### [EXTRACTED RECORDS]
[Start of Attachment]
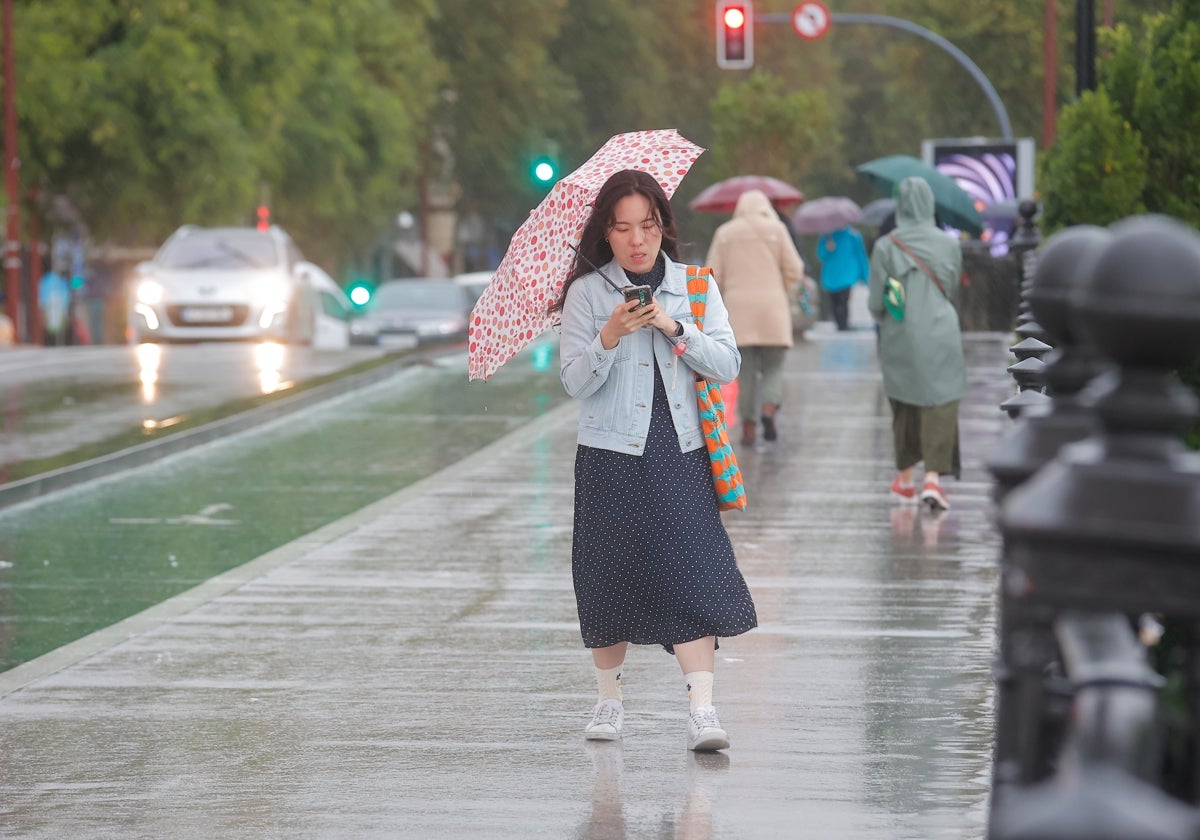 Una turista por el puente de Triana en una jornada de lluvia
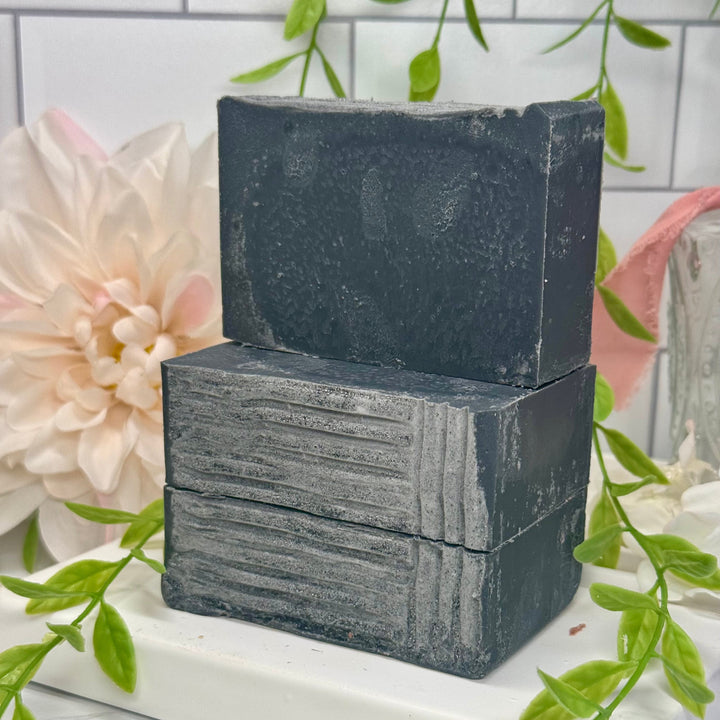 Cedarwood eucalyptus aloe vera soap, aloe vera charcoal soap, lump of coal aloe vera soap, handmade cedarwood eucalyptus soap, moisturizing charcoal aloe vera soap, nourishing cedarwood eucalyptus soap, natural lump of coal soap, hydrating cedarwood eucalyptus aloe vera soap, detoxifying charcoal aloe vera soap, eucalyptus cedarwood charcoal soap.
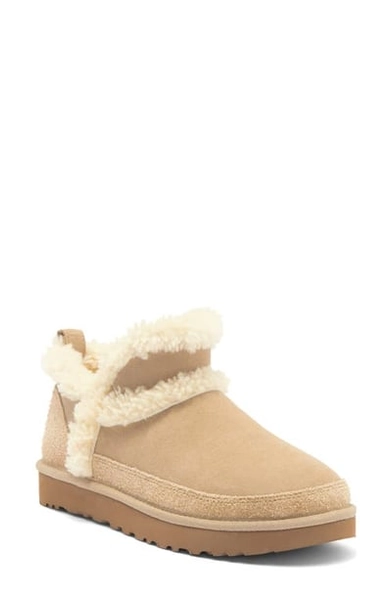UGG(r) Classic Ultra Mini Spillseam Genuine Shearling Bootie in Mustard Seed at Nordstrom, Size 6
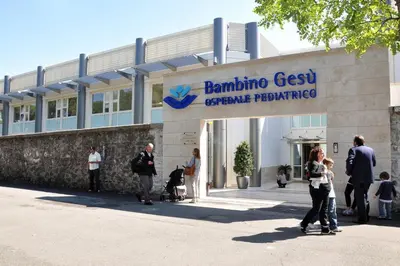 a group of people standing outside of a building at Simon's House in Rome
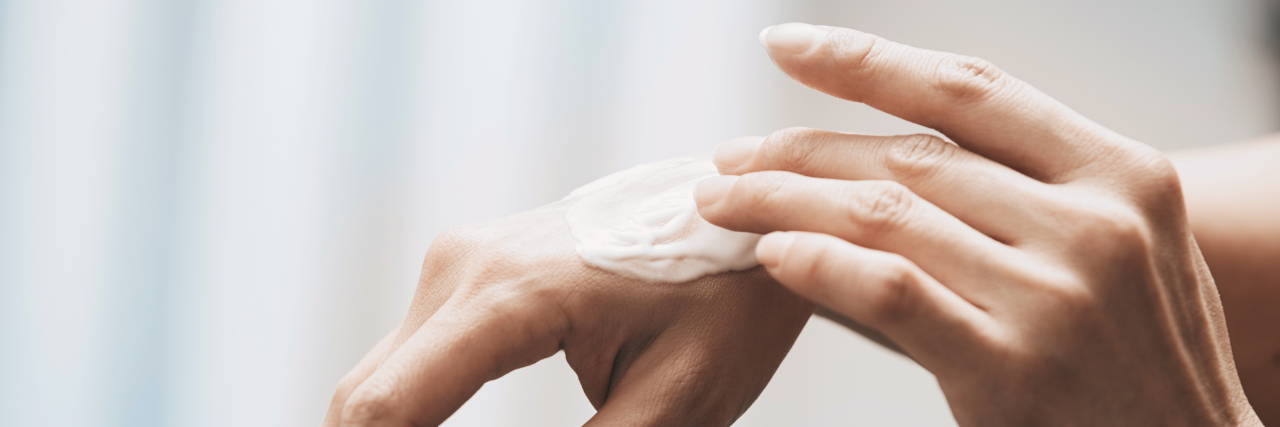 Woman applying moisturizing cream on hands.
[End of Attachment]
[Start of Attachment]
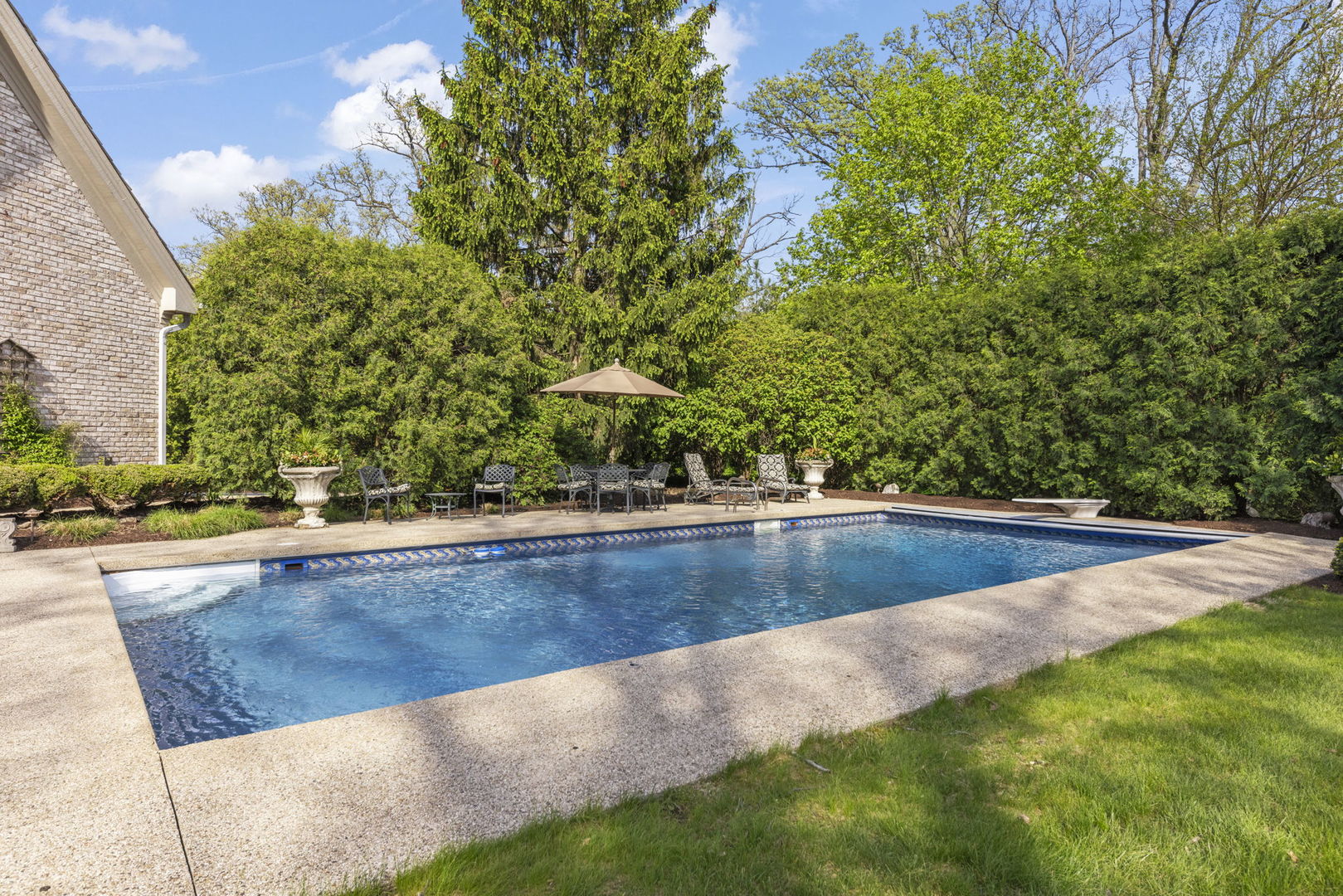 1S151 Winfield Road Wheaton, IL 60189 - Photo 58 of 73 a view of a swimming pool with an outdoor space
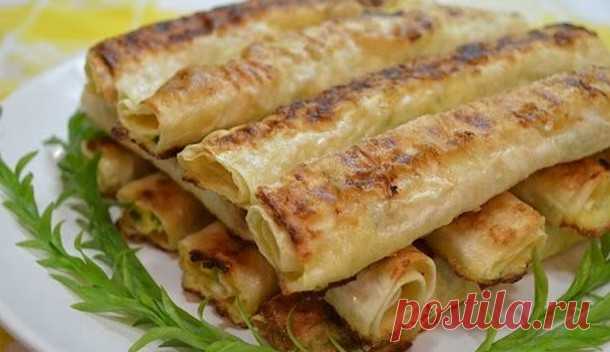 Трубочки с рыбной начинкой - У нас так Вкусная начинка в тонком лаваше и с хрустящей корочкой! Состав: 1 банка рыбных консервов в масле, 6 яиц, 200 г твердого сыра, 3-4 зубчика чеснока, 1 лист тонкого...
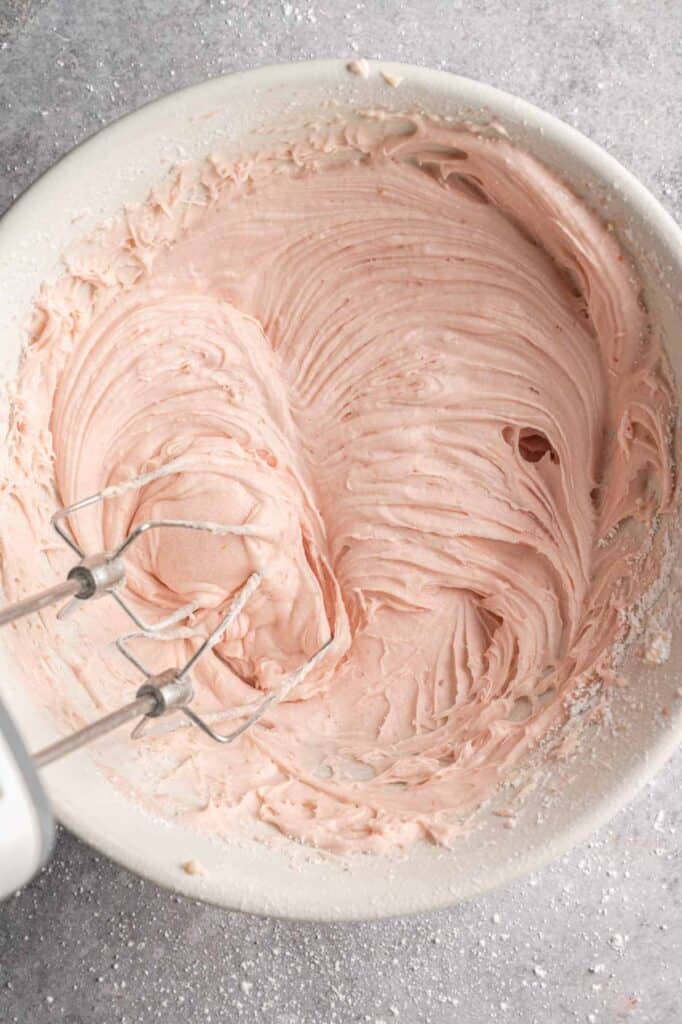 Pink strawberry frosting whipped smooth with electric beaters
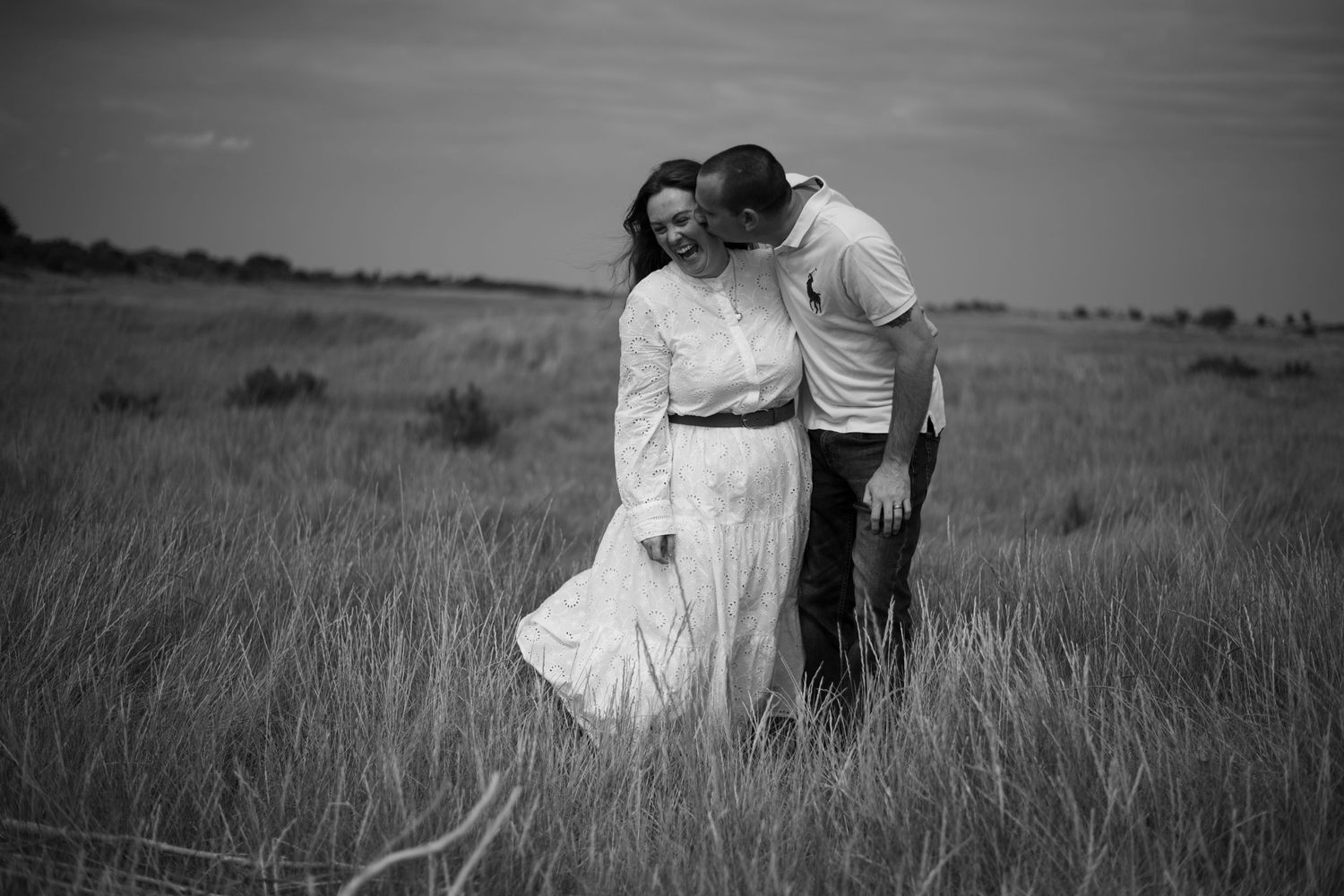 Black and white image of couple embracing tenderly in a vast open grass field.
[End of Attachment]
### [THE TASK]
In the records above, copy exactly everything from the line that has "Una turista por" down to the line that has "Cedarwood eucalyptus aloe vera soap, aloe", both ends included, and leave out the pictures.

### [ANSWER TO THE EXERCISE]
 Una turista por el puente de Triana en una jornada de lluvia
 Cedarwood eucalyptus aloe vera soap, aloe vera charcoal soap, lump of coal aloe vera soap, handmade cedarwood eucalyptus soap, moisturizing charcoal aloe vera soap, nourishing cedarwood eucalyptus soap, natural lump of coal soap, hydrating cedarwood eucalyptus aloe vera soap, detoxifying charcoal aloe vera soap, eucalyptus cedarwood charcoal soap.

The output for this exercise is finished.